Sunday, November 14, 2021

Flowers Will Do by Elizabeth Bowen

 


FLOWERS WILL DO by Elizabeth Bowen

“They put  the big picture early, and Mrs Lewis and I didn’t care to stay for the comic.”

I consider this to be a seminal Bowen work, with two separate instances  of an ‘elbow’ as well as, later, the use of ‘elbowed’ as a verb. A triangulate for an eventual foursome of two seeming couples loosely venturing into a form of Thirties troilism as a rhombus  of partner-swapping, in the jerry-built house’s flat below a similar flat where one of the women involved called Doris is living with her selfish and cross mother, and where Doris has often listened before to the rutting exchange of partners in this flat below.

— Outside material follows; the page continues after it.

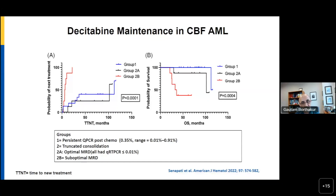We did a hypomethylating agent-based maintenance study in core binding factor AML with three groups: group one had persistent qPCR after chemotherapy; group two had truncated consolidation due to infectious complications or older age — with 2A achieving optimal MRD despite not completing all treatment, and 2B having suboptimal MRD. Group one and 2A did reasonably well, whereas group 2B had a much higher chance of dying from disease and early intervention — the TTNT (time to new treatment) showed these patients needed a second line of treatment very early on.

With shades of Aickman’s similar semi-absurdist scenarios in some of his stories about sex and marriage. And with shades of Bowen’s own cratered  MYSTERIOUS KÔR syndrome, too. The  characters — Doris (26 and over-ripe for marriage), and Doris’s selfish mother, and Sydney, Doris’s first boy friend who bought her flowers at her behest to compensate for a falsely loving engagement, and Polly Benger (about 40, the flighty woman in the flat below), and her latest man Leo — are all built up deftly in our mind with the random ricochets of a Bowen flair. Variously involving eyes weeping like jellies, a rescued shepherd’s pie, a timely elliptical “[…]” to indicate something ‘not very funny’, some nonsense about Clark Gable, bed-changing like digging a grave, and of course Sydney’s lilacs while Leo’s freesias, “flopping out of a carafe, waxy-sweetened the air.” Ms Bowen always allows us to stay for the comic, albeit the tragi-comic.